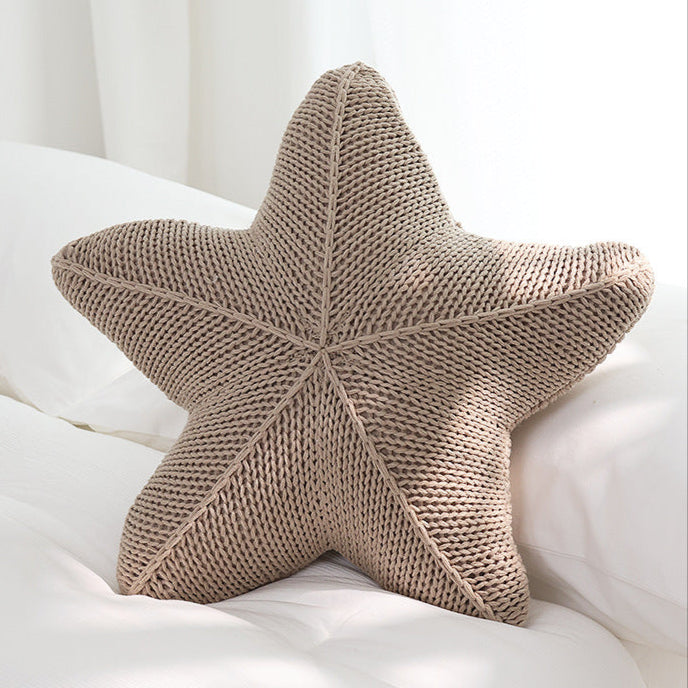 Coussin Étoile de Mer Tricoté Caspien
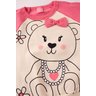 conjunto infantil feminino moletom peluciado bear menina doce 3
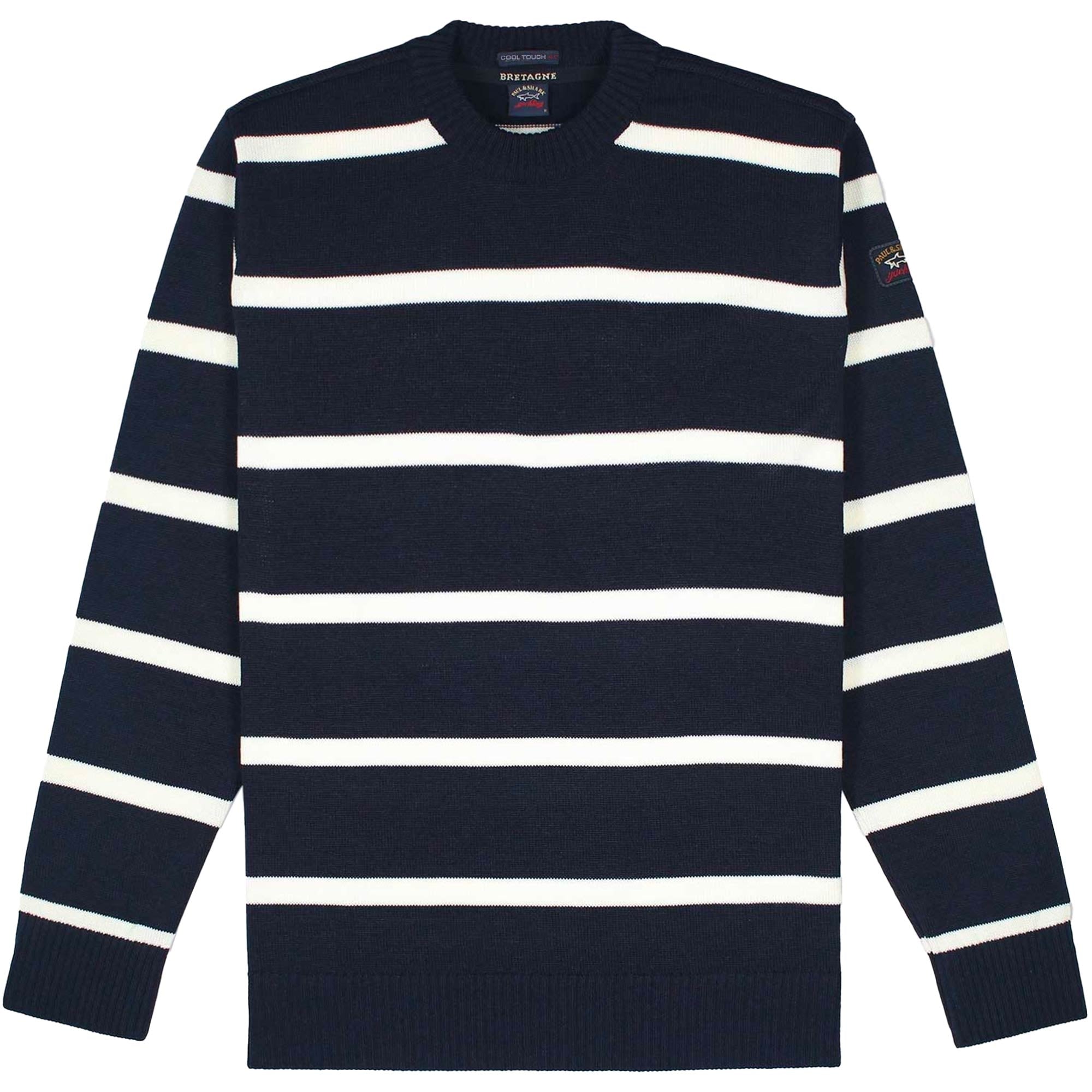 Paul and Shark Bretagne Wool Sweater - Navy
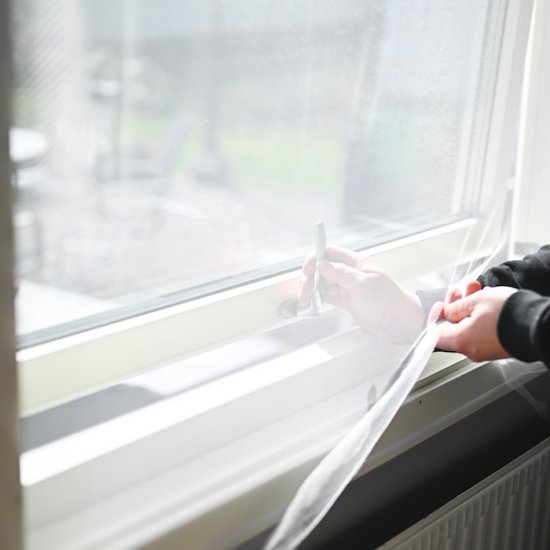 Insektsnett til vindu med borrelås - Trykk på bildet for å lukke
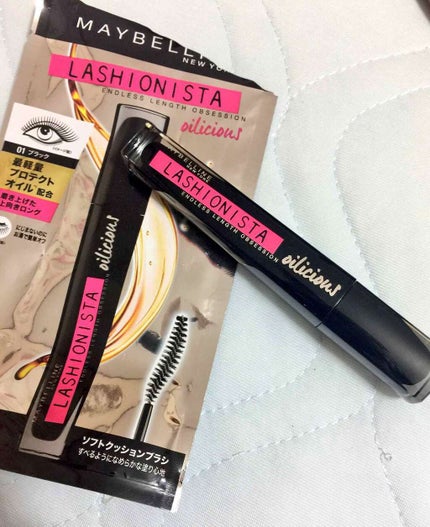 ラッシュニスタ オイリシャス/MAYBELLINE NEW YORK/マスカラを使ったクチコミ(1枚目)
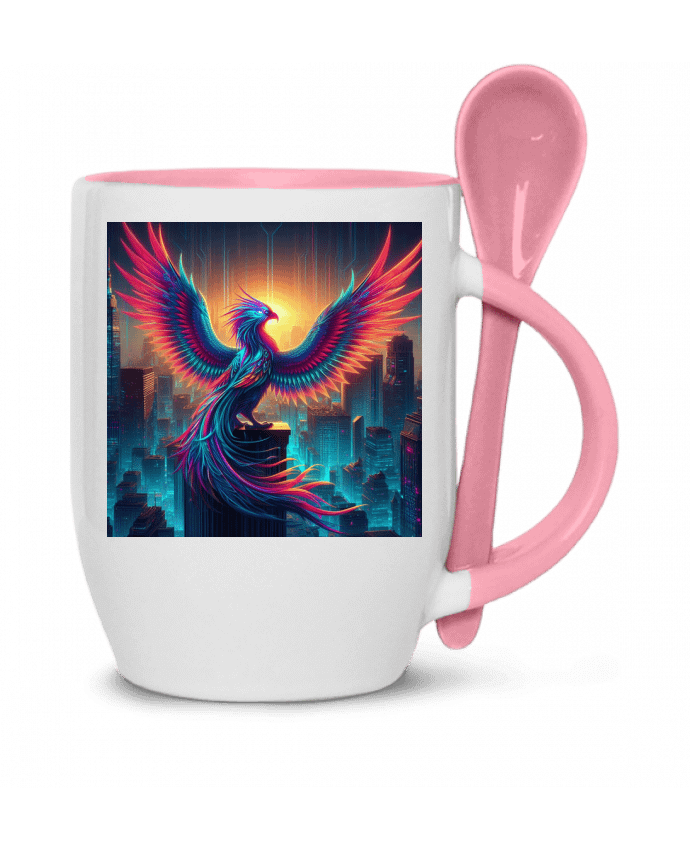  Tasse cuillère Cyber phénix par Fantasymaniac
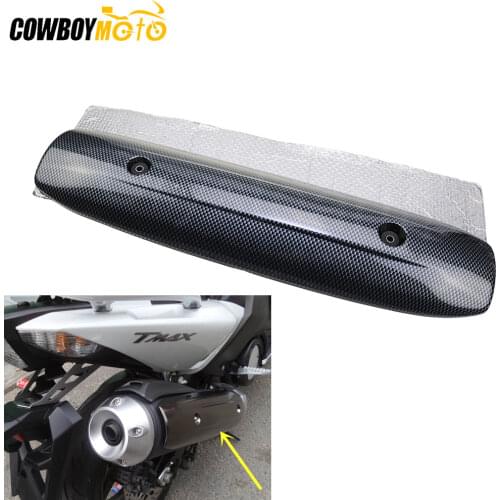 Muffler Exhaust Pipe Cover Cowl For Yamaha T-MAX TMAX 500 530 TMAX500 TMAX530 2011 2012 2013 2014 2015 2016 11 12 13 14 15 16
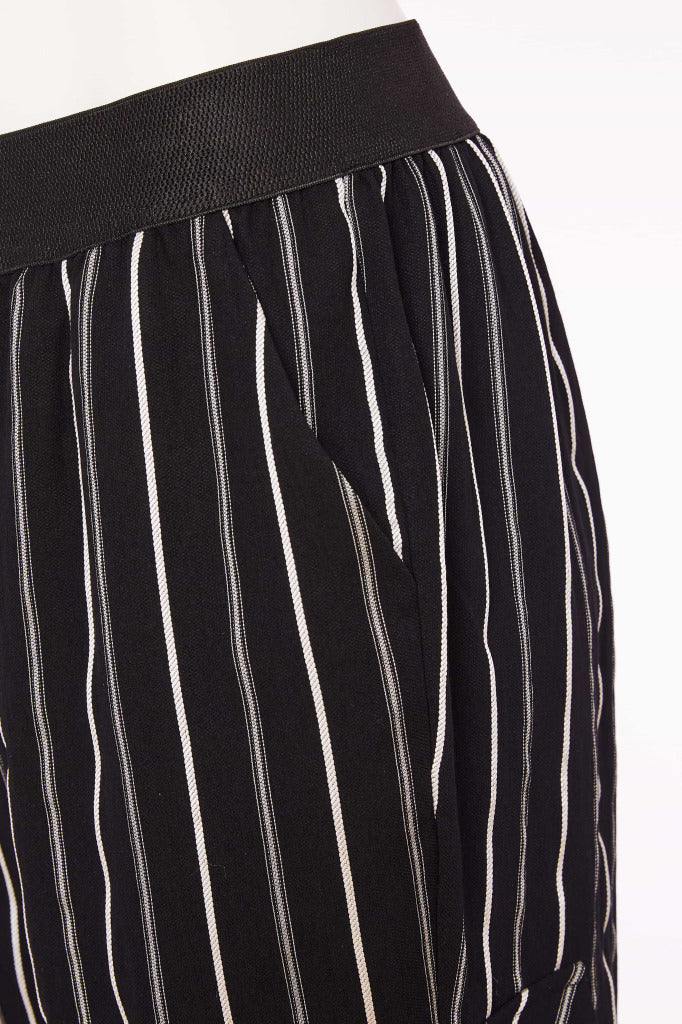 Naya Black/White Pencil Stripe Trousers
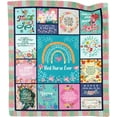 thumbnail image 1 of Nurse Gifts for Women, Mothers Day Birthday Gifts for Nurses Throw Blanket 50"X60", Rn Gifts for New Nurses Practitioner, Nursing Student Graduation Retirement Gifts, Nurse Week Day Gifts, 1 of 5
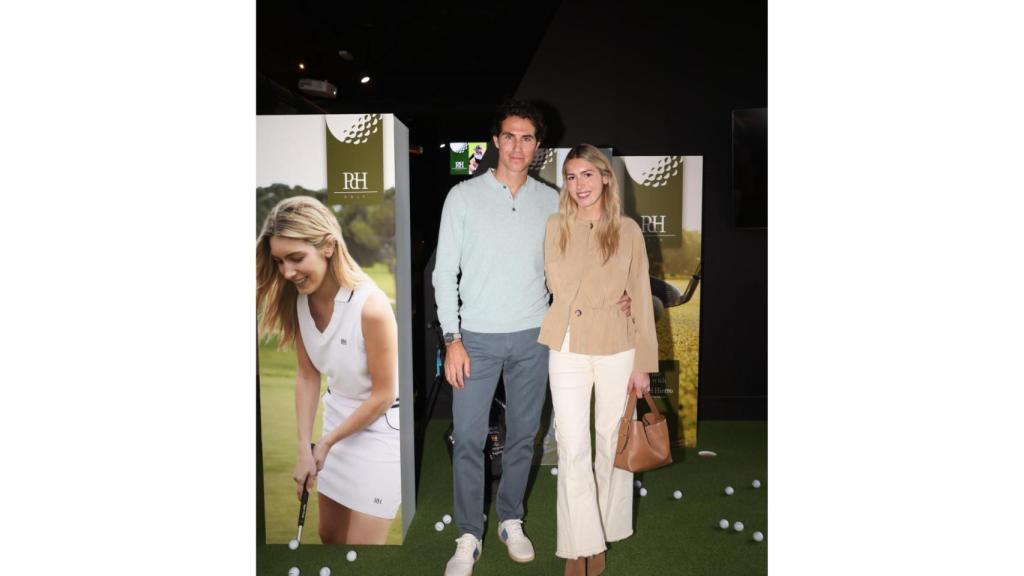 Beltrán Lozano y Daniela Svedin.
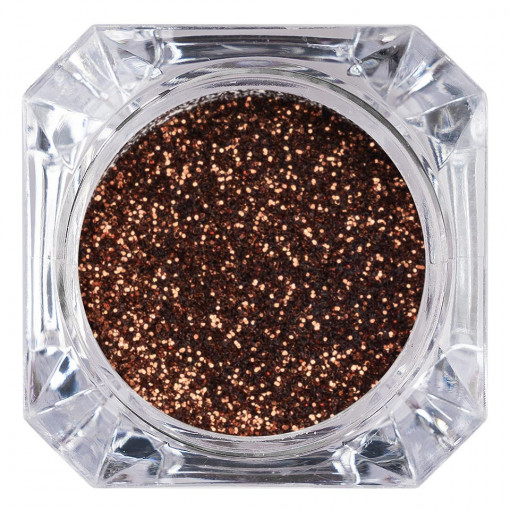 Sclipici Glitter Unghii Pulbere Dark Honey #61, LUXORISE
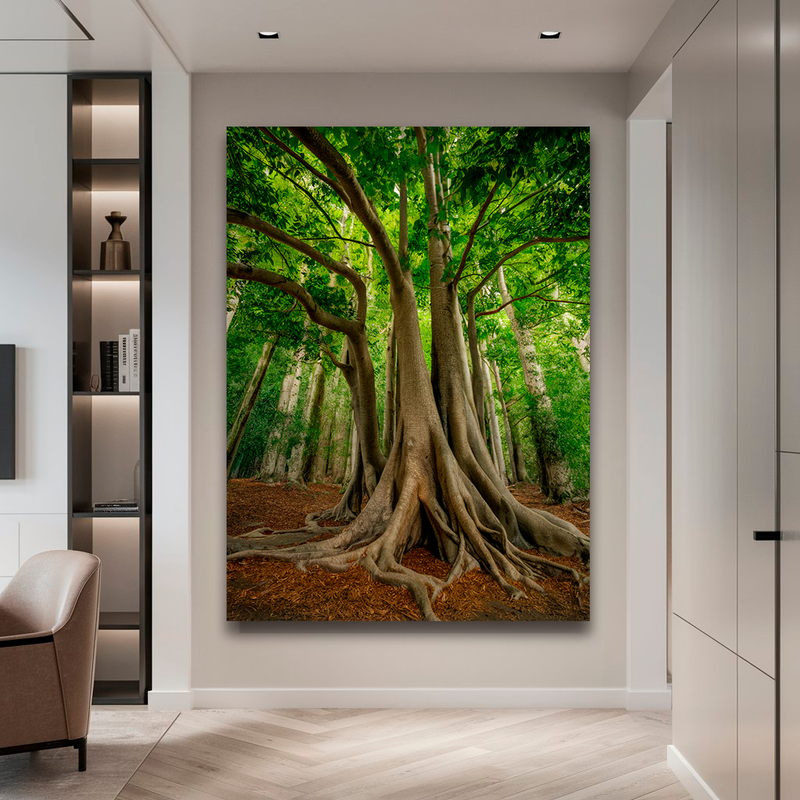 Quadro Decorativo Árvore da Vida - Força da Terra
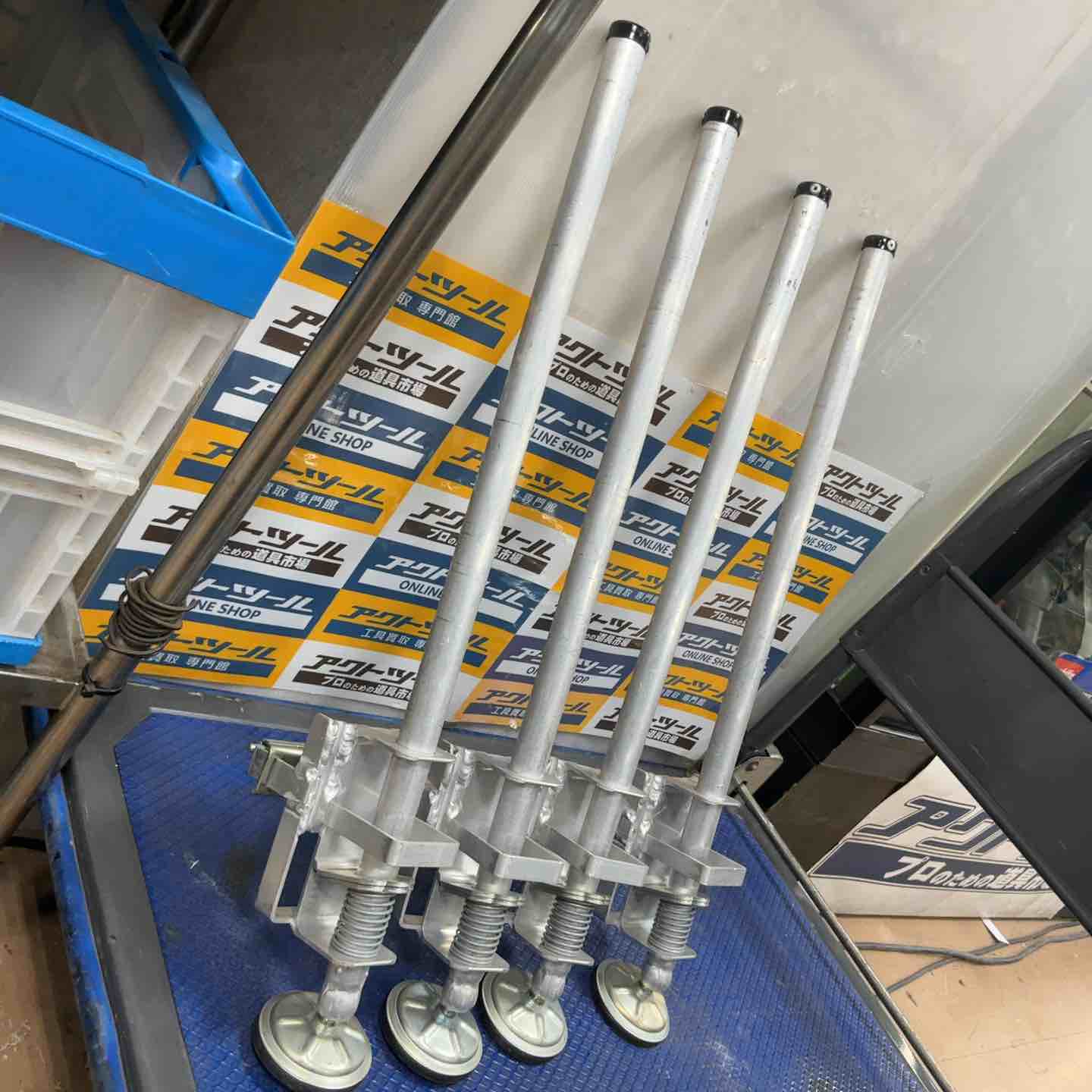 ◇スリーセブン(777) 安全ストッパー 角フレーム脚立用 S-3AL (4本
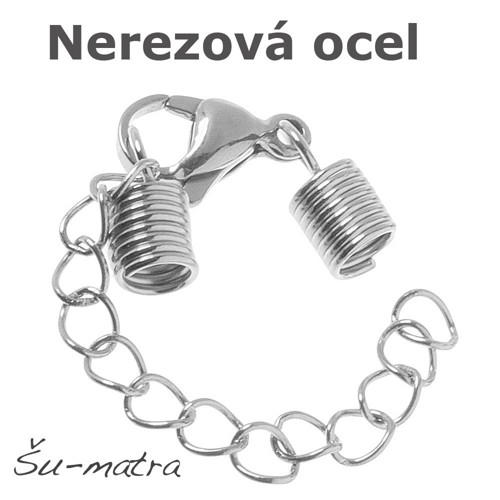 Ocelové koncovky 4 mm se zapínáním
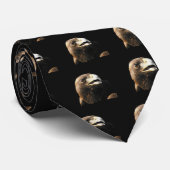Golden Eagle Portrait Krawatte (Gerollt)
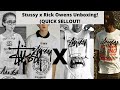 Unboxing STUSSY x RICK OWENS Shirt!!!!(QUICK SELL OUT TIME!!!)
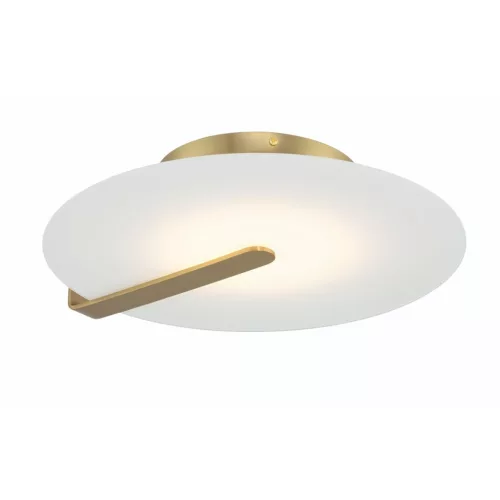 ELSTEAD QN-NUVOLA-F-M-BG NUVOLA Kerek Mennyezeti Lámpa Fehér, Csiszolt Arany LED IP20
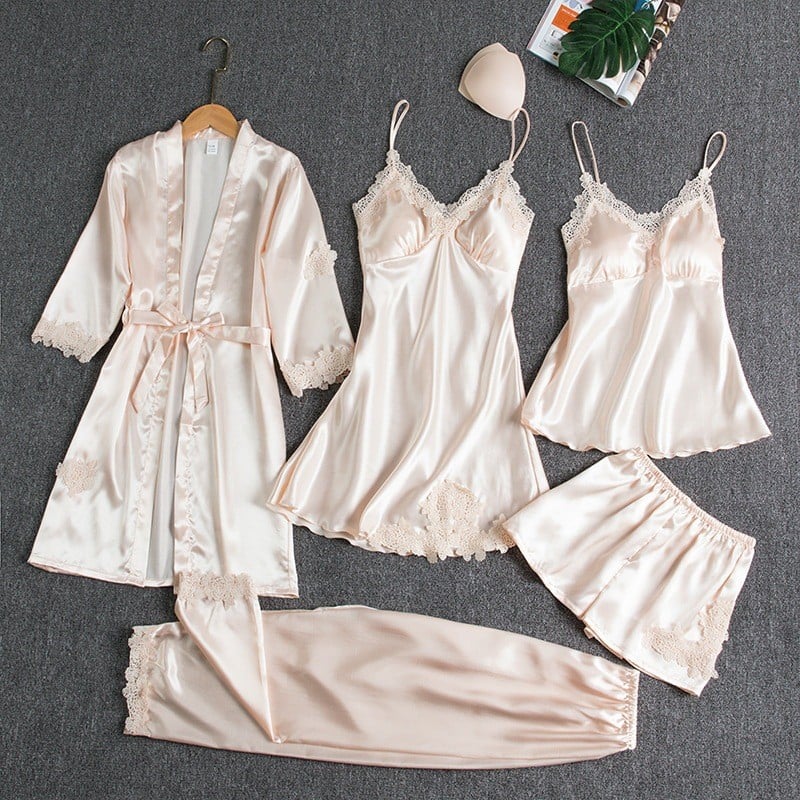 Ethereal | Silk & Lace Nightwear Set 5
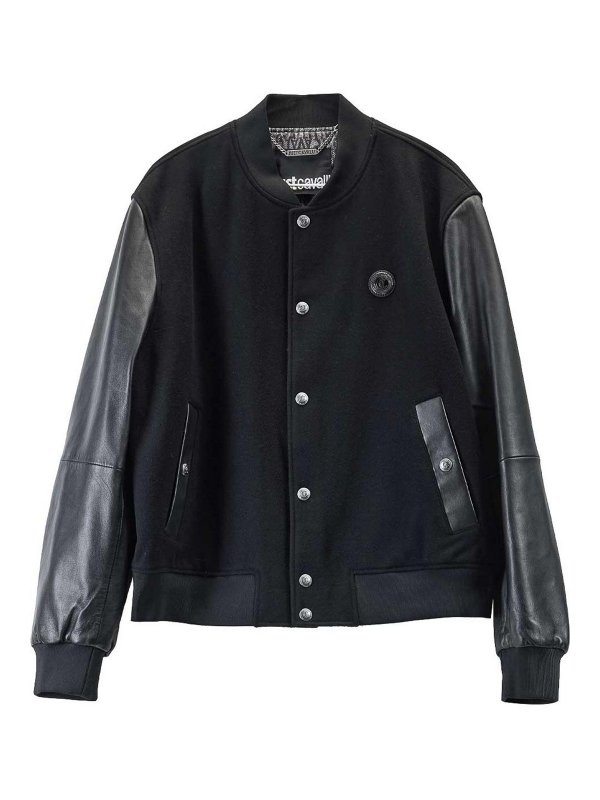 JUST CAVALLI: casual jackets - Varsity Jacket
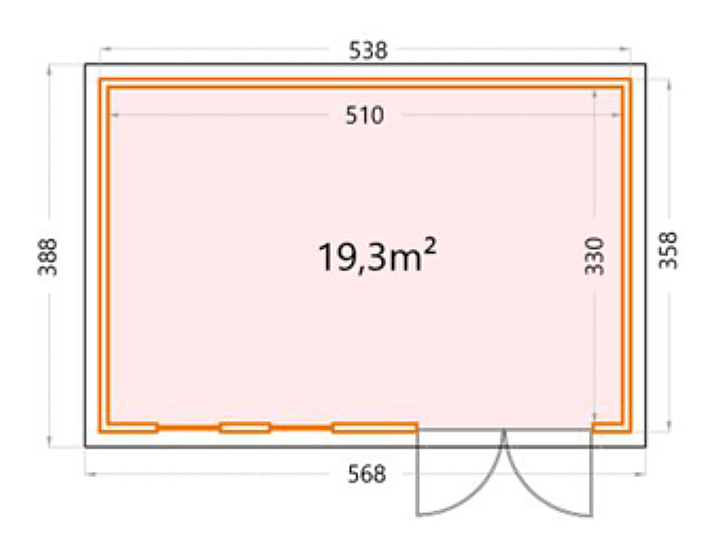 Telluria 18x12ft Luminato Premier Steel Garden Room - 5.4m x 3.6m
# # # # # # #
Would you transcribe all of the data exactly, omitting any pictures?

**Output:**
 Coussin Étoile de Mer Tricoté Caspien
 conjunto infantil feminino moletom peluciado bear menina doce 3
 Paul and Shark Bretagne Wool Sweater - Navy
 Insektsnett til vindu med borrelås - Trykk på bildet for å lukke
 ラッシュニスタ オイリシャス/MAYBELLINE NEW YORK/マスカラを使ったクチコミ(1枚目)
  Tasse cuillère Cyber phénix par Fantasymaniac
 Muffler Exhaust Pipe Cover Cowl For Yamaha T-MAX TMAX 500 530 TMAX500 TMAX530 2011 2012 2013 2014 2015 2016 11 12 13 14 15 16
 Naya Black/White Pencil Stripe Trousers
 thumbnail image 1 of Nurse Gifts for Women, Mothers Day Birthday Gifts for Nurses Throw Blanket 50"X60", Rn Gifts for New Nurses Practitioner, Nursing Student Graduation Retirement Gifts, Nurse Week Day Gifts, 1 of 5
 Beltrán Lozano y Daniela Svedin.
 Sclipici Glitter Unghii Pulbere Dark Honey #61, LUXORISE
 Quadro Decorativo Árvore da Vida - Força da Terra
 ◇スリーセブン(777) 安全ストッパー 角フレーム脚立用 S-3AL (4本
 Ocelové koncovky 4 mm se zapínáním
Golden Eagle Portrait Krawatte (Gerollt)
 Unboxing STUSSY x RICK OWENS Shirt!!!!(QUICK SELL OUT TIME!!!)
 ELSTEAD QN-NUVOLA-F-M-BG NUVOLA Kerek Mennyezeti Lámpa Fehér, Csiszolt Arany LED IP20
 Ethereal | Silk & Lace Nightwear Set 5
 JUST CAVALLI: casual jackets - Varsity Jacket
 Telluria 18x12ft Luminato Premier Steel Garden Room - 5.4m x 3.6m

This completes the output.